薄暗がりのソファー席。
私はそこに、ゆっくりゆっくり腰をかける。
深く。
息を吐いて。
目の前で、笑う顔。


「へぇ、前のトコと違う雰囲気ね、ここ」


歌穂の、上ずった声。
私はその言葉に、微笑んで頷く。
歌穂は綺麗にマニキュアが塗られた指先を組んで、
きょろきょろと、落ち着かない様子で店内を見渡す。
金曜の20時45分。
混む日ではあるけど。
エアポケットみたいに、スルーな時間だったり。
このダイニングバーの週末のタイムリミットは2時間半。
ちなみに18時開店。
そうくれば、ほら。
私たちの周囲の席は、
バッシングを待っている状態だったり、
お会計のお釣りを分け合う相談だったり、
そんなものでいっぱい。
こんな時間を狙ってくる私は相当アクドイと思う。
(いや、もっとアクドイこと、これからするんだけど)


「それにしても、ごめんね、私の仕事が、変な時間に終わるから
 こんな時間になっちゃって」


指先と同じように、綺麗に整えられた、くるくるふわふわの栗色の髪。
ごめんね、と小首を傾げる歌穂の黒目がちな瞳。
かわいい。
同性の、
と、言うか、
血を分けた、
むしろ、
入ってた器を分た、私が見ても、歌穂は可愛い。
顔も、しぐさも、奇跡みたいに、可愛い。
私はそれを確認して、満足して、息を吸う。


「平気。
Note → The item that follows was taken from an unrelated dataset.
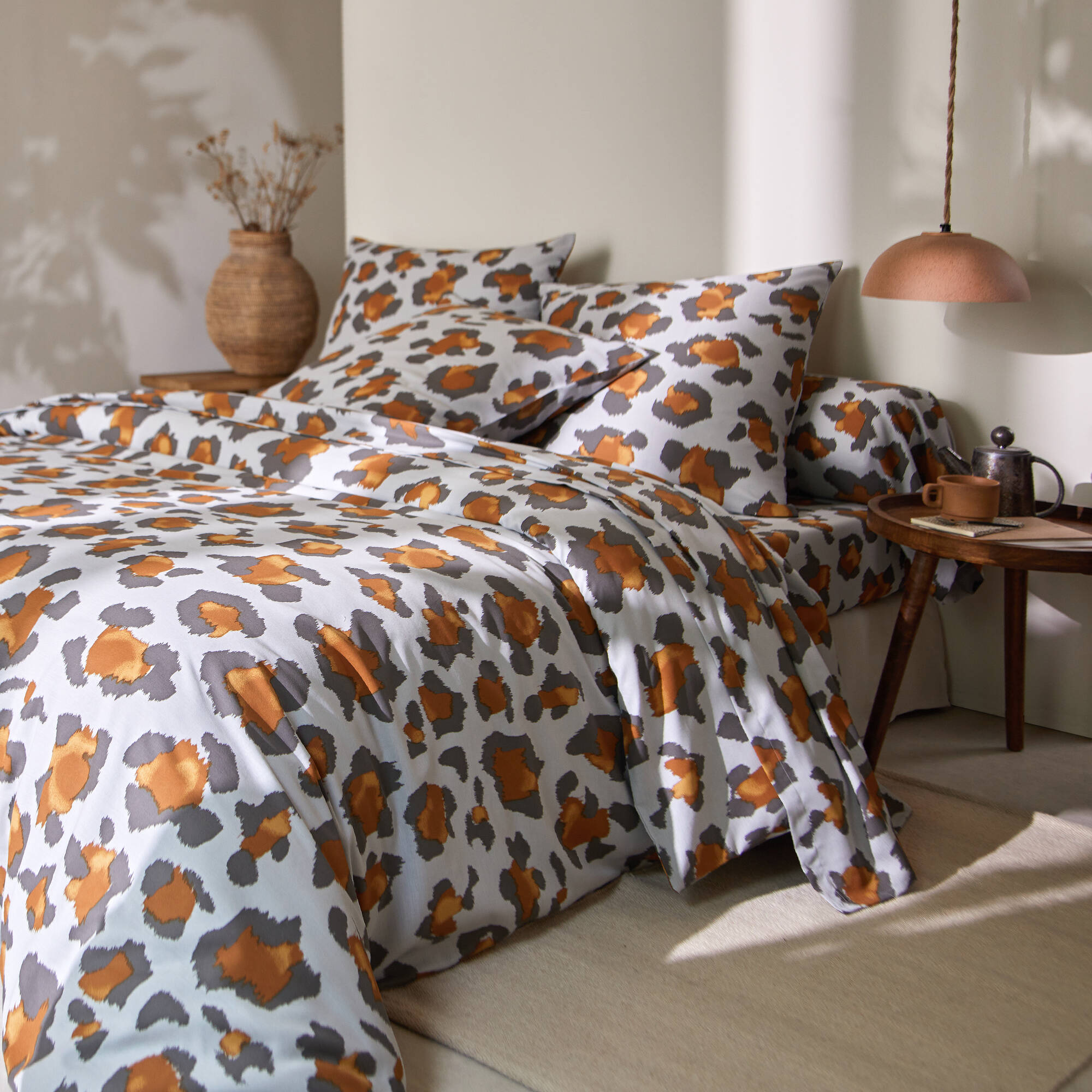 Linge de lit Pedro en polycoton imprimé peau de bête - Blancheporte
私も残業して、ちょうど良かったし。
 それより、ごめんね。いつも都内まで出てきて貰っちゃって」


「それこそ、ぜんぜんへーき!真帆ちゃんが呼んでくれなかったら
 絶対に千葉から出ないと思うもん、私」


歌穂、それ違う。
パパとママが出したがらないだけです。
…とは言えず、私は、明日は渋谷か新宿で買い物しようね、と答える。
正しくキャッチボールの行われなかった会話なのに、歌穂は、
うん!
と、無邪気に答える。
そして振り出しに戻った。
テーブルの上におかれたメニューを広げて、わくわくした顔でめくる。


「前の行きつけのお店は和食だったのに、だいぶ趣味変えたね~」
「うん。あそこも美味しかったんだけどね、ここも美味しいよ」
「あ、なにこれ、スパイシーチキンだって、美味しそう!」
「歌穂ちゃん、先に飲み物」
「えーっとねぇ」


メニューをばらばらとめくってドリンクページに。
歌穂がフレンチネイルにマーガレットをあしらった指先で
カシスソーダをなぞった、そのとき、


「高杉さん、こんばんわ」


オーダー帳を手にした坂井くんがやって来た。
『高杉さん』と呼ばれた、私と歌穂が、同時に顔を上げる。
ぴたりと重なったであろう、その動きに坂井くんが、お、とたじろぐ。


「坂井くん、こんばんわ」


-テストのはじまり。
たじろいだ坂井くんをスルーして、私は彼の名前を呼んで挨拶した。
それを見た歌穂は大きな瞳をいっそう大きくして、坂井くんを見上げた。
その瞬間、坂井くんはあからさまに嬉しそうな顔をした。
条件反射。
歌穂と目が合った男の子の正常な反応。
今回も、テスト開始と同時に結果まで出たようなものだけど。
それでも、最後までこのテストを続けるのは、


「あれ、おと、もだちですか?」
「違う」
「違いまーす」
「え、姉妹?」
「そう」
「しかも双子でーす」
「え。マジすか!」
「似ていないでしょ」
「うふふ」
「や、確かにー、ちょっとパッと見、双子には見えない、けど」
「ねー」
「ねー」
「いや、でも、今そうやって喋ってるのとか見ると、納得っす」



自分を追い詰めたいから、なんだ。